- Music
- 06 Jul 10
A recreation of an album I don't like, makes me defensive of an album I don't like
The Flaming Lips and their mates in the bands Stardeath and the White Dwarfs (fronted by Wayne Coyne's nephew Dennis) have decided to put on a show in Grandma's barn. And they've chosen to recreate Pink Floyd's classic song cycle, Dark Side of the Moon. An album beloved of middle-aged gentlemen and stoners everywhere, it's almost too obvious a psychedelic touchstone for the fabulous furry freaks.
And the results are... interesting. First, the record has all the charm you'd expect from the Flaming Lips. It avoids note-perfect recreations and lush production, in favour of a stripped down, ropey, and vaguely lo-fi fuzz-fest. Furthermore, there are no ironic quotation marks. This isn't a pop art happening. It's more like the audio equivalent of the Mona Lisa as re-rendered by a sensitive but asocial outsider artist with nothing but a box of crayons. Indeed, you can almost feel freak tongues protruding between freak teeth with the effort it takes to follow those complex Pink Floyd chord sequences, time-signatures, and texture shifts. And as a result it is smile-inducing.

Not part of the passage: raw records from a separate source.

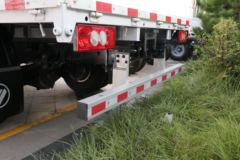 福田 奥铃新捷运 青春版Plus 130马力 4.17米单排栏板轻卡(BJ1048V9JBA-A1)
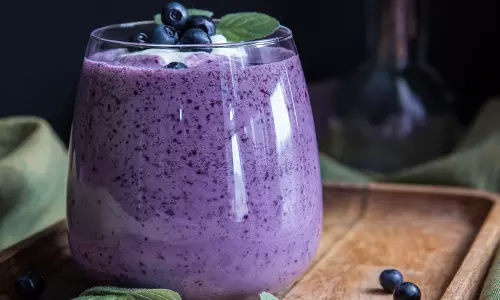 फलयुक्त दही स्मूदी रेसिपी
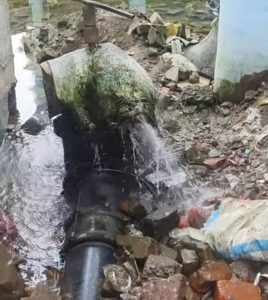 नगर पंचायत इस्लामनगर की लापरवाही से दिन भर में हजारों लीटर पानी बर्बाद का वीडियो सोशल मीडिया बायरल 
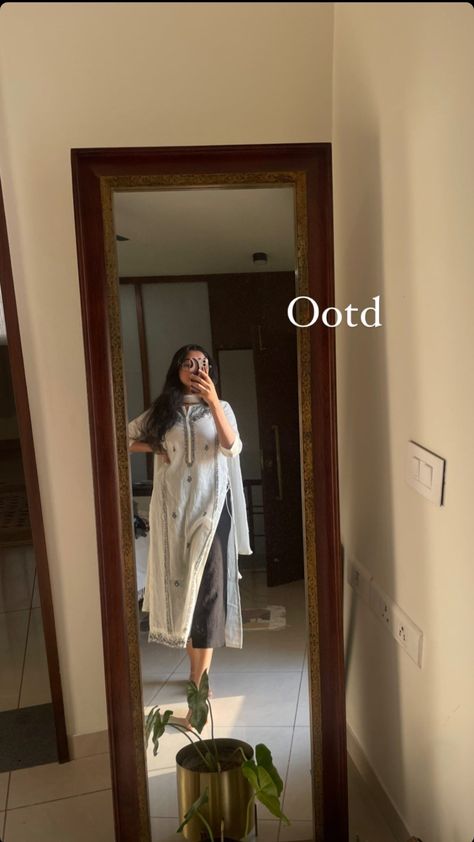 Kurta For College Students, Desi Office Outfit, Office Looks For Women Indian, Indian Office Wear Women, Desi Casual, Office Wear Women Work Outfits, Simple Kurta Designs, Desi Fashion Casual, Casual Indian Fashion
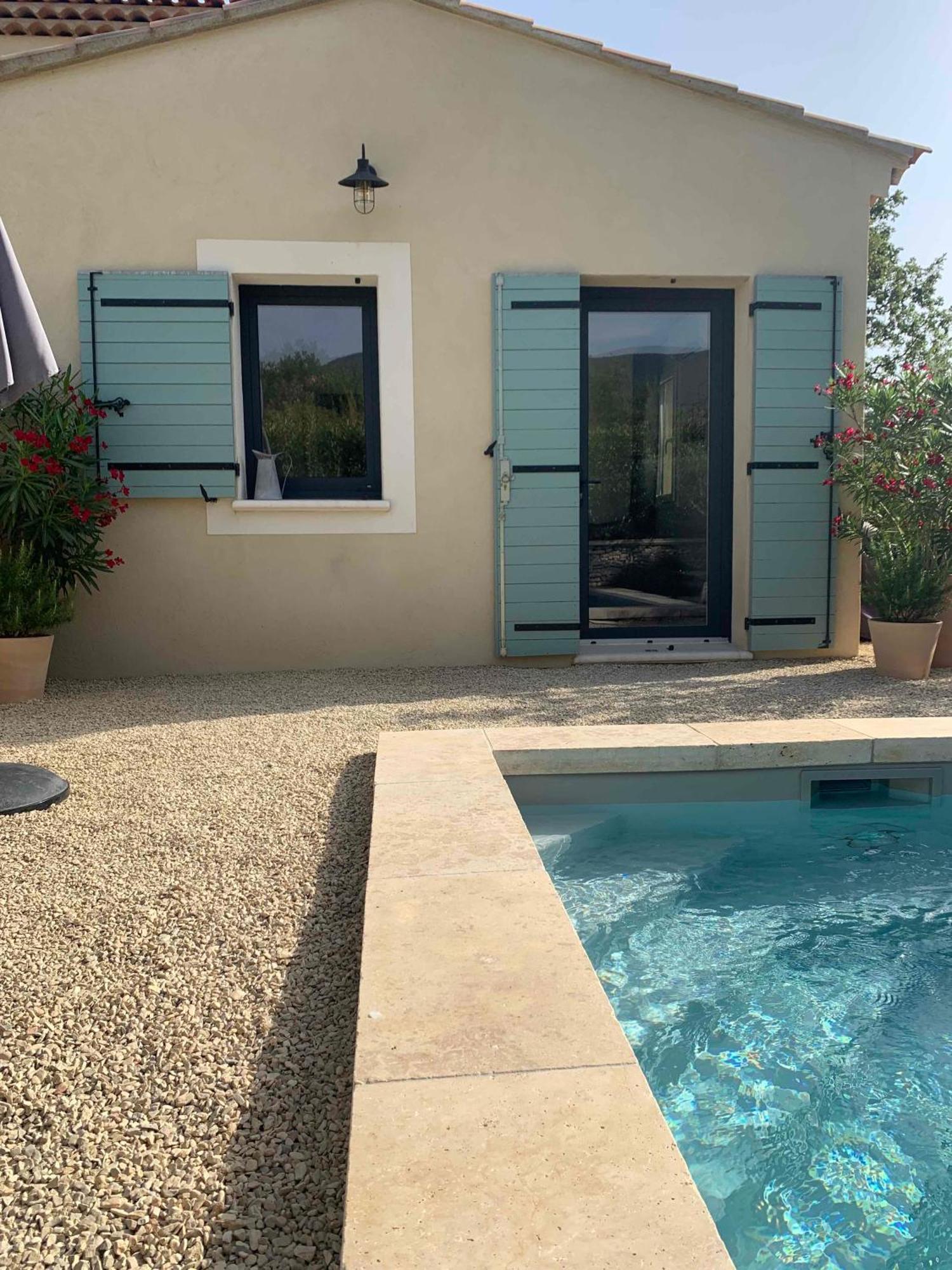 Le Cabanon De Livia Avec Piscine Privee Villa Cucuron Eksteriør billede
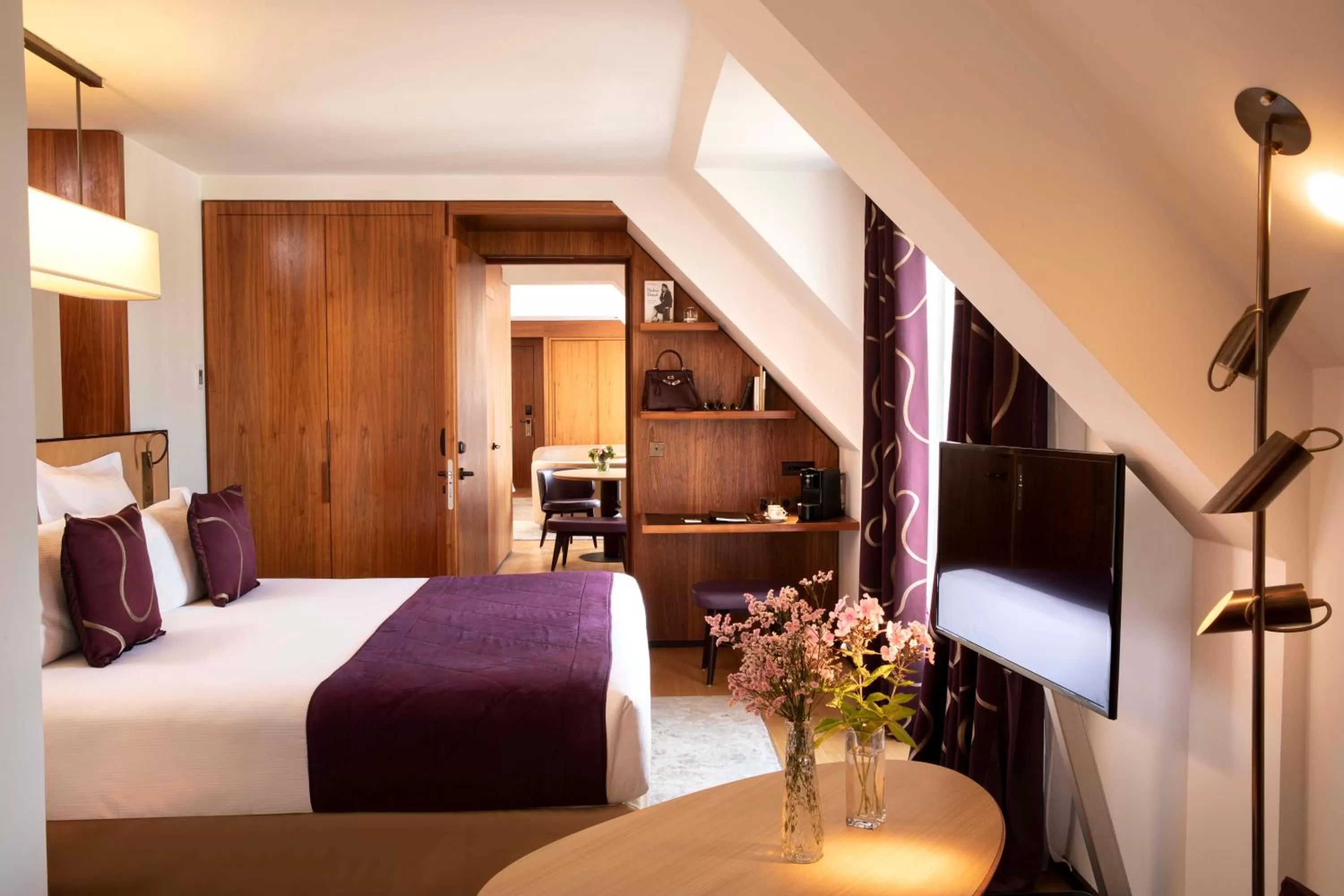 Photo of the whole room, Bed in Hotel Maison FL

But like a precocious child, after a while it starts to grate on weary adult auditory canals. For example, while replacing Clare Torry's soulful wails on 'The Great Gig in the Sky' with a less tuneful and sonically-effected Peaches was eyebrow-raising the first time around, by the third listen it just sounded wrong. It made me want to root out the original... And I don’t even like the original. So in a way the three bands collected here have achieved something - they've made me feel defensive about an album I never thought I liked in the first place.